→ TASK DESCRIPTION
Repeat the entries that follow from start to finish, keeping every character.

── SUPPLIED RECORDS ──

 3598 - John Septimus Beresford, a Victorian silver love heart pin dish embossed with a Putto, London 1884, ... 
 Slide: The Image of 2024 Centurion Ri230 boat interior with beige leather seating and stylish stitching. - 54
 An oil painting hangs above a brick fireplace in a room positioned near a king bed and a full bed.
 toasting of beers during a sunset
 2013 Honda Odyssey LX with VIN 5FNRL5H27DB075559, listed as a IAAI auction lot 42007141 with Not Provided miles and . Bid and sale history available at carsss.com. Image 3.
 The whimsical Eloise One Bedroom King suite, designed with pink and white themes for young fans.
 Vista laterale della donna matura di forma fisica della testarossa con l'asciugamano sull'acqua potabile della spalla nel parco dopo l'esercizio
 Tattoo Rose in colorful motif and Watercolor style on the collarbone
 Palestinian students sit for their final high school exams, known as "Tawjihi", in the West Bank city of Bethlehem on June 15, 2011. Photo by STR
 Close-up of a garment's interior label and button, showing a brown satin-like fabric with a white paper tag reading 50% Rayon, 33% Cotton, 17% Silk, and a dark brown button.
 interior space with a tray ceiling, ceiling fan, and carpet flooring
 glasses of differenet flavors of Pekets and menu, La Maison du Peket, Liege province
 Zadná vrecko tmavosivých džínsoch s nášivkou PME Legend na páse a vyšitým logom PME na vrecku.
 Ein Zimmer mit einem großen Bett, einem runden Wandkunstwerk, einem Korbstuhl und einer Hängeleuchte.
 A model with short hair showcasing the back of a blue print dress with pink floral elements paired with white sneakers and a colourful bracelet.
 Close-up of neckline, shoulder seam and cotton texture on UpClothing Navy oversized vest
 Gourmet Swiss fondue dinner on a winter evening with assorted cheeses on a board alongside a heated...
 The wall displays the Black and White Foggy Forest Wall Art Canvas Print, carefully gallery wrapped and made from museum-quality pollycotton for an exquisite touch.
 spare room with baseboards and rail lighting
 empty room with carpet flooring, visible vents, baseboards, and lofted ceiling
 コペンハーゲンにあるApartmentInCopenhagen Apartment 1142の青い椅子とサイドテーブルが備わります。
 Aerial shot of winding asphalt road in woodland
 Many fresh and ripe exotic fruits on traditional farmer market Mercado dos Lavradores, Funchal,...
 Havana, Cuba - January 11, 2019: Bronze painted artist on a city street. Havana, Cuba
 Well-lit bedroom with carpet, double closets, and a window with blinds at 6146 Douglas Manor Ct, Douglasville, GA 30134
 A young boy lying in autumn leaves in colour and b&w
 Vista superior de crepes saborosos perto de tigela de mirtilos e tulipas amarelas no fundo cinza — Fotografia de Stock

───

→ RESULT OF THIS TASK
 3598 - John Septimus Beresford, a Victorian silver love heart pin dish embossed with a Putto, London 1884, ... 
 Slide: The Image of 2024 Centurion Ri230 boat interior with beige leather seating and stylish stitching. - 54
 An oil painting hangs above a brick fireplace in a room positioned near a king bed and a full bed.
 toasting of beers during a sunset
 2013 Honda Odyssey LX with VIN 5FNRL5H27DB075559, listed as a IAAI auction lot 42007141 with Not Provided miles and . Bid and sale history available at carsss.com. Image 3.
 The whimsical Eloise One Bedroom King suite, designed with pink and white themes for young fans.
 Vista laterale della donna matura di forma fisica della testarossa con l'asciugamano sull'acqua potabile della spalla nel parco dopo l'esercizio
 Tattoo Rose in colorful motif and Watercolor style on the collarbone
 Palestinian students sit for their final high school exams, known as "Tawjihi", in the West Bank city of Bethlehem on June 15, 2011. Photo by STR
 Close-up of a garment's interior label and button, showing a brown satin-like fabric with a white paper tag reading 50% Rayon, 33% Cotton, 17% Silk, and a dark brown button.
 interior space with a tray ceiling, ceiling fan, and carpet flooring
 glasses of differenet flavors of Pekets and menu, La Maison du Peket, Liege province
 Zadná vrecko tmavosivých džínsoch s nášivkou PME Legend na páse a vyšitým logom PME na vrecku.
 Ein Zimmer mit einem großen Bett, einem runden Wandkunstwerk, einem Korbstuhl und einer Hängeleuchte.
 A model with short hair showcasing the back of a blue print dress with pink floral elements paired with white sneakers and a colourful bracelet.
 Close-up of neckline, shoulder seam and cotton texture on UpClothing Navy oversized vest
 Gourmet Swiss fondue dinner on a winter evening with assorted cheeses on a board alongside a heated...
 The wall displays the Black and White Foggy Forest Wall Art Canvas Print, carefully gallery wrapped and made from museum-quality pollycotton for an exquisite touch.
 spare room with baseboards and rail lighting
 empty room with carpet flooring, visible vents, baseboards, and lofted ceiling
 コペンハーゲンにあるApartmentInCopenhagen Apartment 1142の青い椅子とサイドテーブルが備わります。
 Aerial shot of winding asphalt road in woodland
 Many fresh and ripe exotic fruits on traditional farmer market Mercado dos Lavradores, Funchal,...
 Havana, Cuba - January 11, 2019: Bronze painted artist on a city street. Havana, Cuba
 Well-lit bedroom with carpet, double closets, and a window with blinds at 6146 Douglas Manor Ct, Douglasville, GA 30134
 A young boy lying in autumn leaves in colour and b&w
 Vista superior de crepes saborosos perto de tigela de mirtilos e tulipas amarelas no fundo cinza — Fotografia de Stock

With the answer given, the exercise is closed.